Palermo | Ferito nella sparatoria dello Sperone: Caruso non risponde ai pm

Il giovane ferito durante la sparatoria in via XXVII Maggio, in cui è stato ucciso Giancarlo Romano, boss emergente del clan di corso dei Mille lo scorso 26 febbraio, ha scelto di non rispondere alle domande dei pm Alessio Salvo Caruso. Alessio Salvo Caruso, sebbene sia ormai fuori pericolo, rimane ricoverato nel reparto detenuti dell’ospedale Civico. Durante l’interrogatorio di oggi, svolto proprio nella struttura sanitaria, ha deciso di non rispondere alle domande del gip Lirio Conti.

Solo di recente Caruso ha appreso della morte di Romano nell’agguato. Secondo le indagini che hanno portato anche agli arresti in un’operazione antimafia coordinata dalla procura, il ferimento di Caruso e l’omicidio di Romano sarebbero stati il risultato di un regolamento di conti tra Caruso e la famiglia Mira, in particolare Camillo e suo figlio Antonio. I Mira si sarebbero ribellati alle richieste estorsive riguardanti la gestione delle scommesse clandestine, avrebbero utilizzato “pannelli” non autorizzati dalla cosca e avrebbero accumulato un debito di circa 20.000 euro. Quel pomeriggio si sono verificate due sparatorie: una in Corso dei Mille, davanti al tabacchi di Romano, dove è rimasto ferito Camillo Mira, e la seconda in cui i Mira hanno reagito, uccidendo Romano e ferendo Caruso.
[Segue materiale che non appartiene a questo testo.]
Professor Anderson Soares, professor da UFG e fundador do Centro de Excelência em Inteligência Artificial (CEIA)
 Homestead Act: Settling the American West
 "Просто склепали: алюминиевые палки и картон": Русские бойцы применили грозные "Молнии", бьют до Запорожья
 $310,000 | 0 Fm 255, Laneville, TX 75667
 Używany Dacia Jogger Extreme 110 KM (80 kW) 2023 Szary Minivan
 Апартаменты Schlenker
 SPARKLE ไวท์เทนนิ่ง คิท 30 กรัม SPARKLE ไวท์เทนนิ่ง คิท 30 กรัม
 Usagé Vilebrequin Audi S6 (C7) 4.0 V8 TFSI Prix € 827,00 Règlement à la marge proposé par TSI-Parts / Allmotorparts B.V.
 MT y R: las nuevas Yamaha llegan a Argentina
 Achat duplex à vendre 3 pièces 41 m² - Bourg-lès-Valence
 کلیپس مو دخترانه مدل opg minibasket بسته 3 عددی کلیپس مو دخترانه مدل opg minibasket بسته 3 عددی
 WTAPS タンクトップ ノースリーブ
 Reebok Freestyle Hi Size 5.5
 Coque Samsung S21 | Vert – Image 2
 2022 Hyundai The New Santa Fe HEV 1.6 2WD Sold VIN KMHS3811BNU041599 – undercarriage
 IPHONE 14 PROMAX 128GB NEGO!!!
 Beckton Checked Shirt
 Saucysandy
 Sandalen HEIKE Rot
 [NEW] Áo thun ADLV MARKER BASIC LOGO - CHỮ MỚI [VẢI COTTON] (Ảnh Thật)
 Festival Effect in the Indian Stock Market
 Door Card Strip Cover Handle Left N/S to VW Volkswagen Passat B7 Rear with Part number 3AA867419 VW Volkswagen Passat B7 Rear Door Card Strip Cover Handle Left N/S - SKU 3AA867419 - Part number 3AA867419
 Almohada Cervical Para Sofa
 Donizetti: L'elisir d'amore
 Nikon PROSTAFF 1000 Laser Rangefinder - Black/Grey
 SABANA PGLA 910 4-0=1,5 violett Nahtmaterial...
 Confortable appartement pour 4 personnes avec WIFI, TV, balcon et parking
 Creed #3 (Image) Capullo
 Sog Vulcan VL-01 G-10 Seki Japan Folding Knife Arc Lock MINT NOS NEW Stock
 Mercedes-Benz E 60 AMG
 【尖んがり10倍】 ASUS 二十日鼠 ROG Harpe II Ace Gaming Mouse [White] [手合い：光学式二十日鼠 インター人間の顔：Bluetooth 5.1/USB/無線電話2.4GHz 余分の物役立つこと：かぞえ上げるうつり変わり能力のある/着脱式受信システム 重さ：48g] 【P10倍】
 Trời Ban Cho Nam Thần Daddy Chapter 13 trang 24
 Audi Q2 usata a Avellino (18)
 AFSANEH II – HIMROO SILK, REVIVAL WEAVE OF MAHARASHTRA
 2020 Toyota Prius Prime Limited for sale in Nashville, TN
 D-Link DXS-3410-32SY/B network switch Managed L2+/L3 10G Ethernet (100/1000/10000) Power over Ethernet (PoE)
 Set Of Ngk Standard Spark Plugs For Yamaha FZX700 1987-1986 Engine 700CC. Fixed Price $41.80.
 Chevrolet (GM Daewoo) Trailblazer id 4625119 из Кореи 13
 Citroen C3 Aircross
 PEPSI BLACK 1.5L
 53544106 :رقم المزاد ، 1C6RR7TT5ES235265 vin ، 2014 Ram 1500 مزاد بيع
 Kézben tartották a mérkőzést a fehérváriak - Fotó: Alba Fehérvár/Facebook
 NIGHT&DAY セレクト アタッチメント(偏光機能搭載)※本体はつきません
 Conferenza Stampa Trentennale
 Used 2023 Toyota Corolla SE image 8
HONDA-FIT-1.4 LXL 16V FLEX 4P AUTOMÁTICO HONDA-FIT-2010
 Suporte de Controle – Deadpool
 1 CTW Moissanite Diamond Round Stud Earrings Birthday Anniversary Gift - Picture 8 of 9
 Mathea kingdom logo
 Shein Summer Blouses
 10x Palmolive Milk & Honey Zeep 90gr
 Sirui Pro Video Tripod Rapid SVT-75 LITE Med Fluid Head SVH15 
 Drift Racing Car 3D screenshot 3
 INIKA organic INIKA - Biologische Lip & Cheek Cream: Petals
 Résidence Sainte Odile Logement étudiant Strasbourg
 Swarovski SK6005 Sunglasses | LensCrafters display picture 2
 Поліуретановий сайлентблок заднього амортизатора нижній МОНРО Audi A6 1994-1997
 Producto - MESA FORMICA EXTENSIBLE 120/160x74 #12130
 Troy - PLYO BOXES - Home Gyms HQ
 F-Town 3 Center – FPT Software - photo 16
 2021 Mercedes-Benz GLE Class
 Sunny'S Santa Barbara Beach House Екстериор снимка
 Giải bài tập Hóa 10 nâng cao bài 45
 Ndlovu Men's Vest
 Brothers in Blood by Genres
Giancarlo Romano, il boss dello Sperone ucciso lo scorso 26 febbraio, era consapevole di un’indagine a suo carico. Un suo fedelissimo lo avrebbe informato, un poliziotto della squadra mobile. Una talpa gli avrebbe fornito informazioni cruciali per evitare la cattura.

In una conversazione con due suoi uomini, Giuseppe Chiarello e Settimo Turturella, entrambi arrestati nell’operazione contro la famiglia mafiosa di Corso dei Mille, Romano menzionava che i carabinieri li avevano sotto controllo.

Romano aveva rivelato ai suoi due amici di essere stato informato già l’anno precedente sull’avvio delle indagini nei loro confronti da “Vicè u frutta”, identificato in Vincenzo Vella, soprannominato così perché gestiva una rivendita di frutta e verdura. Tuttavia, colui che gli aveva fornito la soffiata aveva anche divulgato il suo nome a un carabiniere che lo voleva coinvolgere come informatore.